- [Material provided]
·····

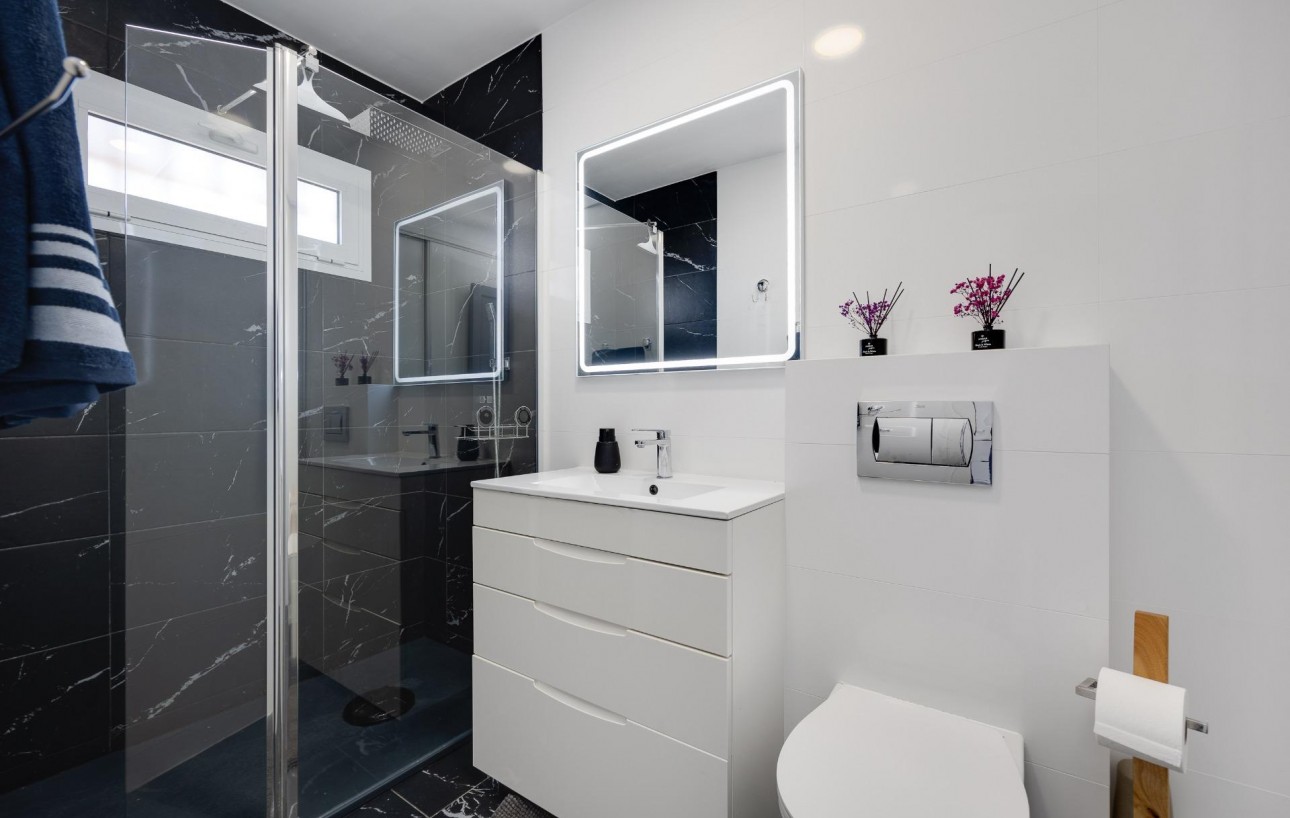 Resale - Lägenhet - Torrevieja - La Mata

·····

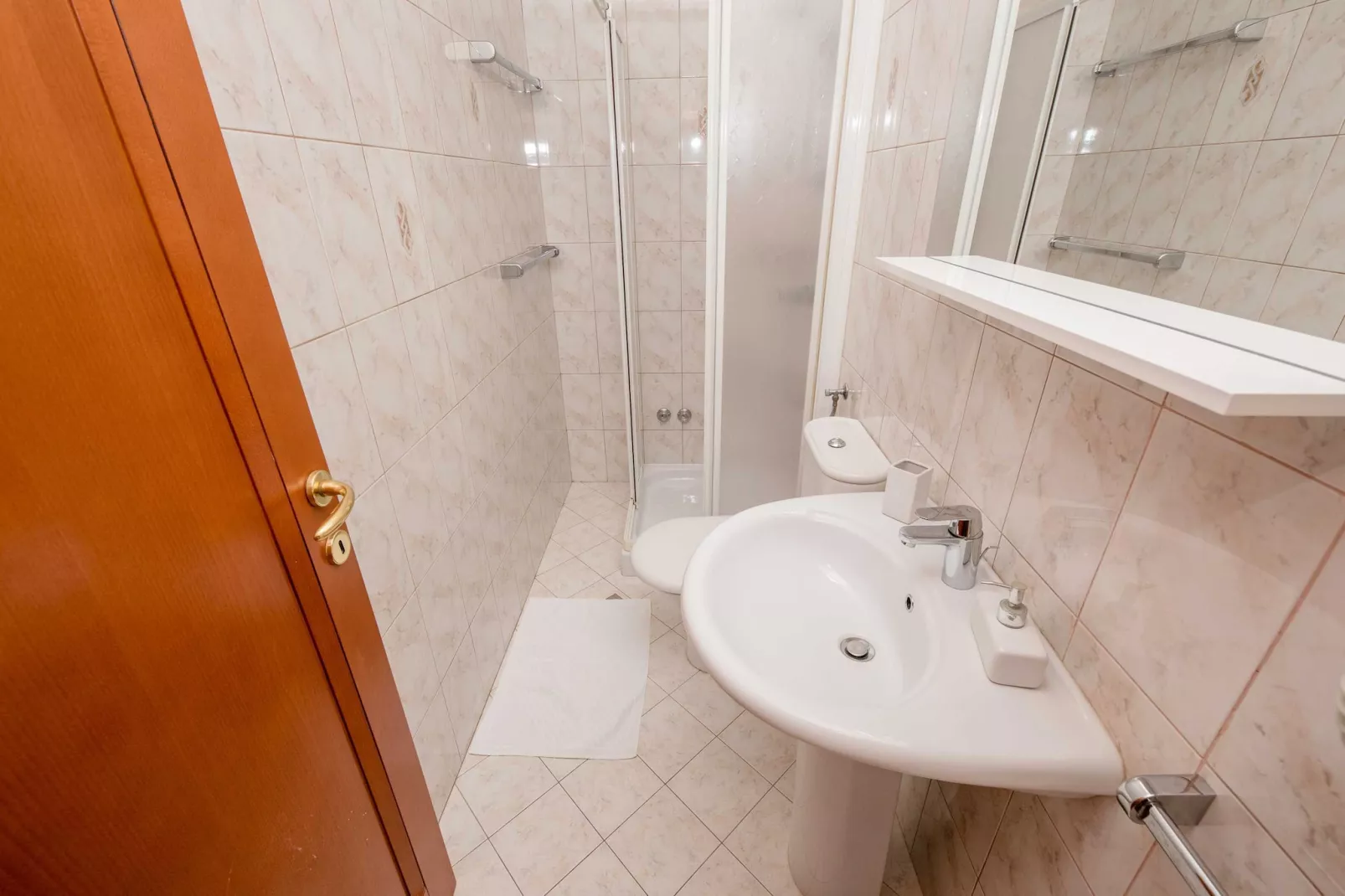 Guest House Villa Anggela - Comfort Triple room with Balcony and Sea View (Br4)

·····

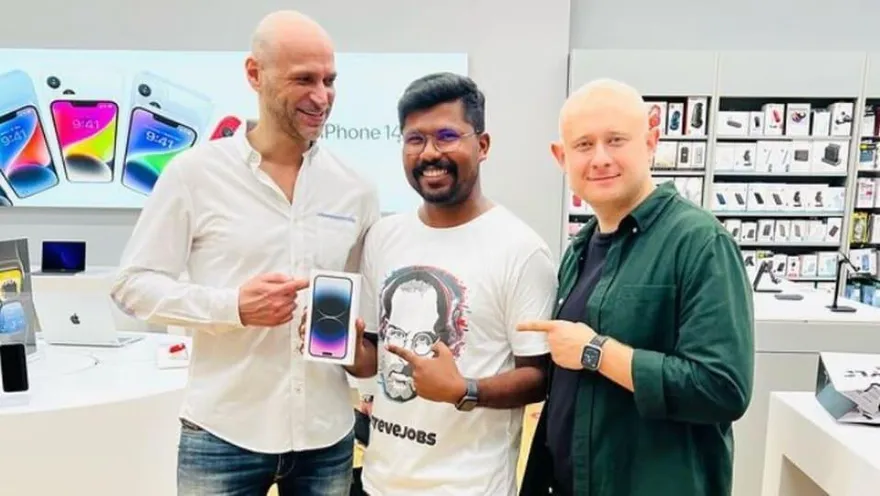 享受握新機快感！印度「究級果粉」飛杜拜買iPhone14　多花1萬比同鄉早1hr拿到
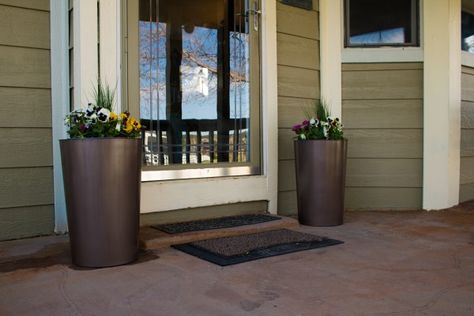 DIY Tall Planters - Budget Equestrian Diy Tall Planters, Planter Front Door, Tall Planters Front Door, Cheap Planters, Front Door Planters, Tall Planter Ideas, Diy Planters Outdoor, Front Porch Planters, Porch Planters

·····

- [What is expected] Restate word for word every line from the one with "享受握新機快感！印度「究級果" up to and including the one with "DIY Tall Planters - Budget" in the records above, minus the pictures.

- [Result]
 享受握新機快感！印度「究級果粉」飛杜拜買iPhone14　多花1萬比同鄉早1hr拿到
 DIY Tall Planters - Budget Equestrian Diy Tall Planters, Planter Front Door, Tall Planters Front Door, Cheap Planters, Front Door Planters, Tall Planter Ideas, Diy Planters Outdoor, Front Porch Planters, Porch Planters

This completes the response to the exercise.